Por otra parte, oportuno es recordar que el 24 de junio, esto es, apenas cuatro días después de los desgraciados sucesos de Ezeiza, el General visitó al Chino en el despacho de éste en el Congreso de la Nación. ¿Qué, tengo que creer que a un Perón profundamente conmovido, disgustado al extremo y que acababa de retornar definitivamente al país, se le ocurrió súbitamente visitar con premura a Balbín sólo para devolverle gentilezas y como si no tuviera otras muy graves motivaciones para proceder con semejante urgencia? No jodamos…
La posibilidad concreta de una fórmula Perón-Balbín, aún sin que ninguno de los dos lo admitiera clara y derechamente; estaba ahí, implícita y latente.
Pero… el diablo metió la cola: el 26, el General sufrió una crisis cardíaca que para peor, se agravó dos días después. Quedó así imposibilitado (y además; con prohibición expresa y terminante de sus médicos, doctores Cossio y Taiana) para operar políticamente en un delicado asunto que sólo él podía llevar adelante. Y para cuando estuvo más o menos restablecido, ya no quedaba tiempo ni para acordar en lo externo con Balbín la sintonía fina de la cosa, ni tampoco para trasladar hacia adentro del movimiento la cuestión.
Así, en vísperas del congreso, las cartas ya estaban echadas. Había dos posturas: una, de la rama política, mayoritariamente proclive a la fórmula Perón-Balbín; y otra, de la rama sindical, inclinada por Perón-Isabel.

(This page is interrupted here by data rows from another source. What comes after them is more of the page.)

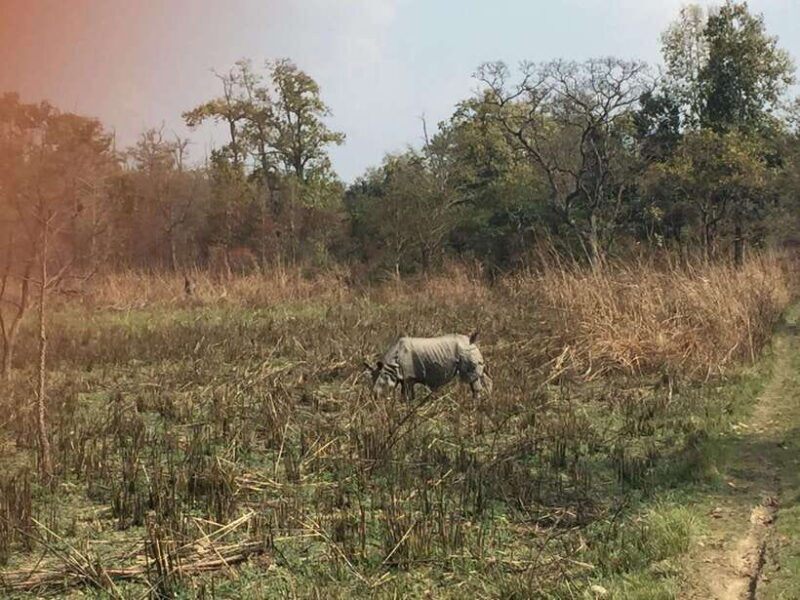 Chitwan: 3Night 4Day Chitwan National Park Jungle Activities - The Practicalities: Itinerary and Logistics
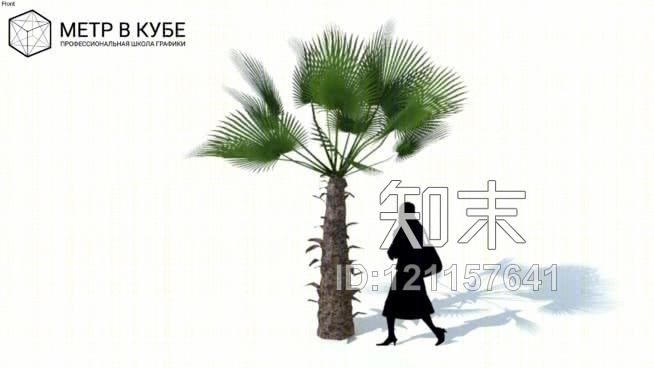 低维3D树棕榈（067）SU模型下载【ID:121157641】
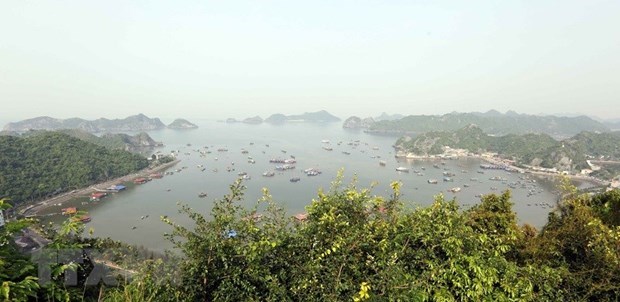 Le Vietnam s’efforce de preserver ses reserves de biosphere hinh anh 1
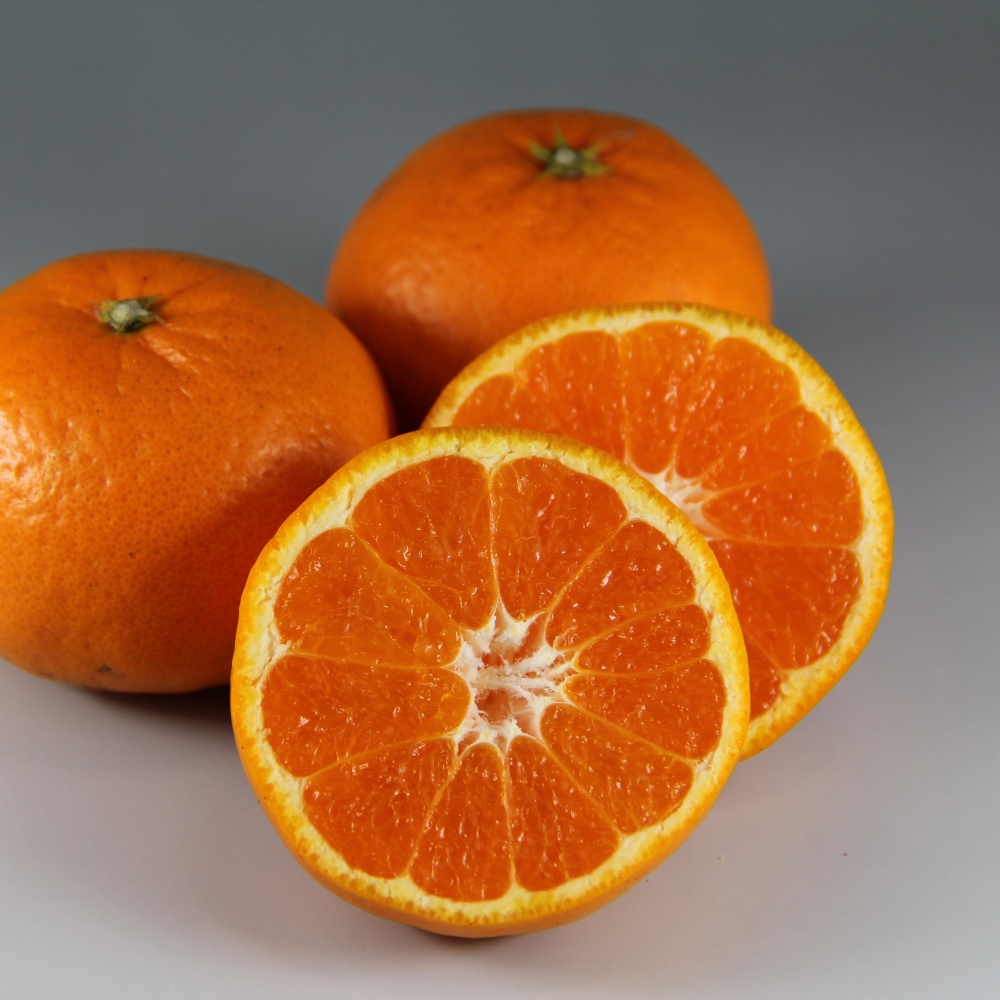 はれひめ(素掘り苗)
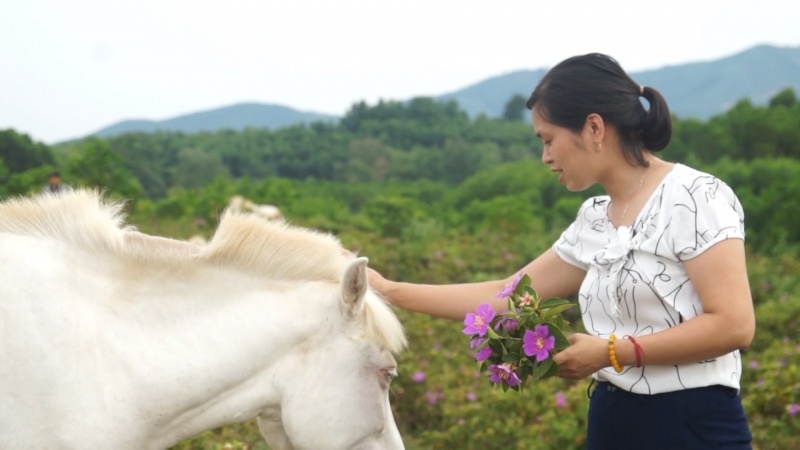 Trại ngựa Bá Vân với xu hướng phát triển du lịch nông nghiệp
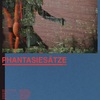 Phantasiesatze | Fandíme filmu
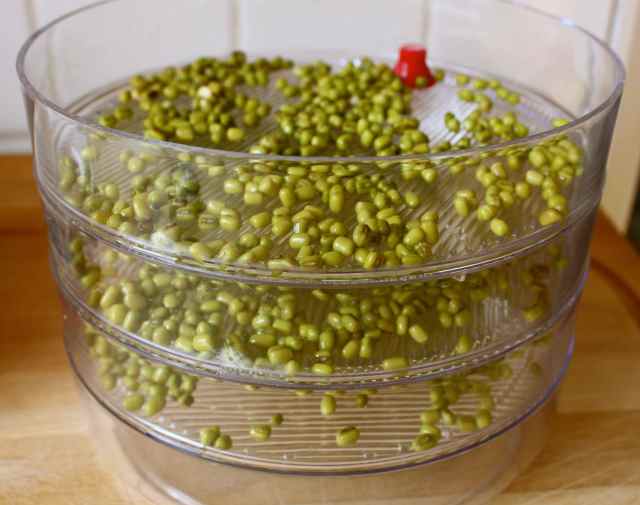 mung beans on sprouter
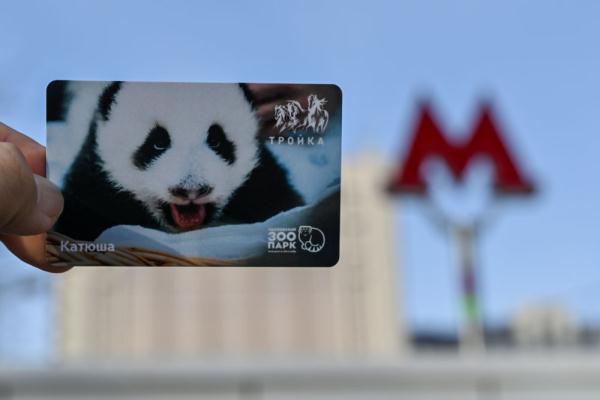 莫斯科地铁发行旅俄大熊猫幼崽主题交通卡
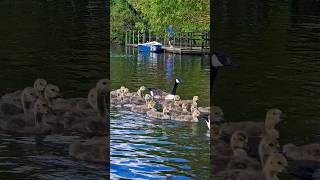 duck hainault forest lake boating rowing kids fun playtime ytshorts friends [upl. by Czarra]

Y desde luego, era impensable que los referentes principales de la rama política (Rocamora, Martiarena, Pedrini, Robledo, Luder, Romero, etc.), desataran un conflicto en torno a la cuestión, máxime; cuando no habían tenido oportunidad de abordar in extenso el tema con el General, en razón del estado de salud de éste, de modo que se limitaron, como vimos precedentemente, a ir hasta Gaspar Campos a informarle a Perón la proclamación de la fórmula hacia la cual se había inclinado el congreso.
De todas maneras (y esto es sólo inferencia mía, porque nadie, repito: NADIE, conoció ni conoce las razones que tuvo Perón para ello pues nunca las explicitó) sí debe de haber accedido a que fuera Isabelita al teatro y declarara por las suyas la decisión de aceptar su candidatura a vice. ¿O puede alguien imaginar seriamente que “se cortó sola” o que actuó “influenciada por el Brujo” (López Rega) o que “amenazó a Perón con abandonarlo y volverse a España” como citan irresponsablemente algunos? Por favor…
Un par de semanas después, esto es, el 18 de agosto, Perón concurrió al congreso (que había pasado a cuarto intermedio) y aceptó su candidatura.
El 23 de setiembre de 1973, la fórmula Perón-Perón triunfó en los comicios obteniendo casi el 62% de los votos.